Search code examples
pythoncrefcounting

Why is my Python C Extension leaking memory?


The function below takes a python file handle, reads in packed binary data from the file, creates a Python dictionary and returns it. If I loop it endlessly, it'll continually consume RAM. What's wrong with my RefCounting?

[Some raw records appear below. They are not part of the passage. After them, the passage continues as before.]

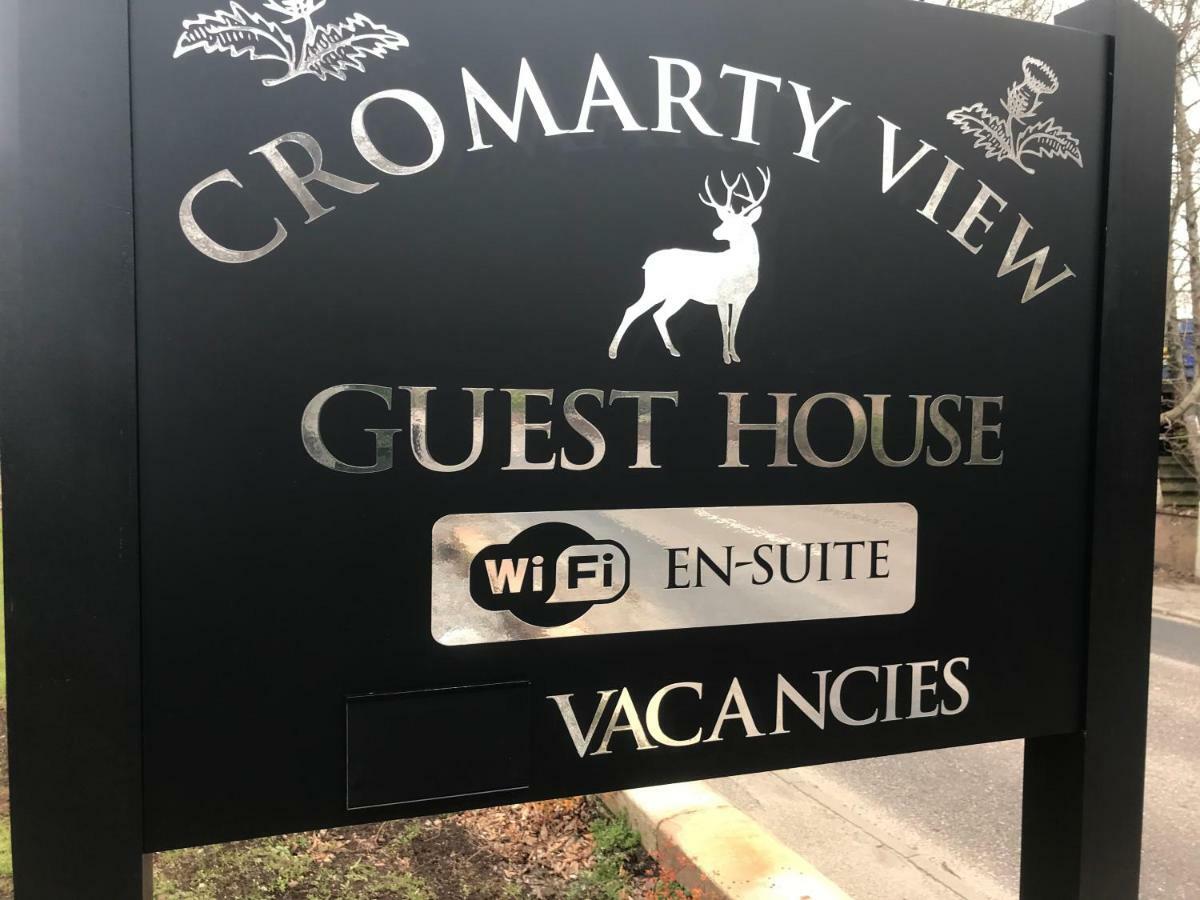 דינגוול Cromarty View Guest House Accommodations & B&B מראה חיצוני תמונה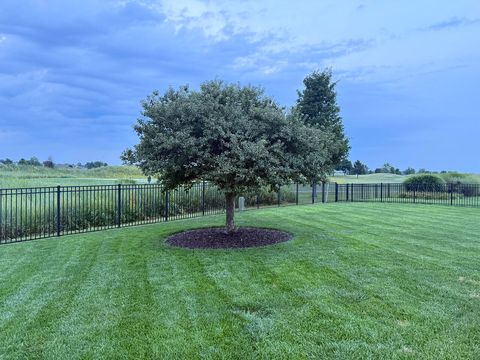 Tiny photo for 6 Knollbrook Court, Bloomington, IL 61705 (MLS # 12501390)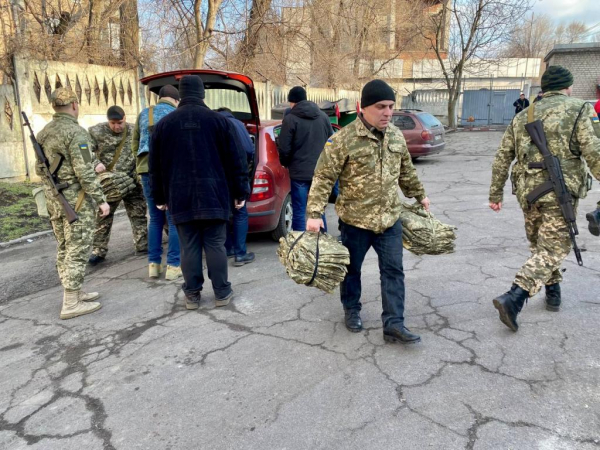 Каменское продолжает оказывать помощь военным
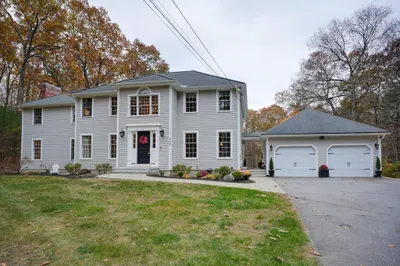 485 Howard St 1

static PyObject* __binParse_getDBHeader(PyObject *self, PyObject *args){

PyObject *o; //generic object
PyObject* pyDB = NULL; //this has to be a py file object

if (!PyArg_ParseTuple(args, "O", &pyDB)){
    return NULL;
} else {
    Py_INCREF(pyDB);
    if (!PyFile_Check(pyDB)){
        Py_DECREF(pyDB);
        PyErr_SetString(PyExc_IOError, "argument 1 must be open file handle");
        return NULL;
    }
}

FILE *fhDB = PyFile_AsFile(pyDB);

long offset = 0;
DB_HEADER *pdbHeader = malloc(sizeof(DB_HEADER));
fseek(fhDB,offset,SEEK_SET); //at the beginning
fread(pdbHeader, 1, sizeof(DB_HEADER), fhDB );
if (ferror(fhDB)){
    fclose(fhDB);
    Py_DECREF(pyDB);
    PyErr_SetString(PyExc_IOError, "failed reading database header");
    return NULL;
}
Py_DECREF(pyDB);

PyObject *pyDBHeader = PyDict_New();
Py_INCREF(pyDBHeader);

o=PyInt_FromLong(pdbHeader->version_number);
PyDict_SetItemString(pyDBHeader, "version", o);
Py_DECREF(o);

PyObject *pyTimeList = PyList_New(0);
Py_INCREF(pyTimeList);

int i;
for (i=0; i<NUM_DRAWERS; i++){
    //epochs
    o=PyInt_FromLong(pdbHeader->last_good_test[i]);
    PyList_Append(pyTimeList, o);
    Py_DECREF(o);
}
PyDict_SetItemString(pyDBHeader, "lastTest", pyTimeList);
Py_DECREF(pyTimeList);

o=PyInt_FromLong(pdbHeader->temp);
PyDict_SetItemString(pyDBHeader, "temp", o);
Py_DECREF(o);

free(pdbHeader);
return (pyDBHeader);
}

Solution

  • PyDict_New() returns a new reference, check the docs for PyDict. So if you increase the refcount immediately after creating it, you have two references to it. One is transferred to the caller when you return it as a result value, but the other one never goes aways.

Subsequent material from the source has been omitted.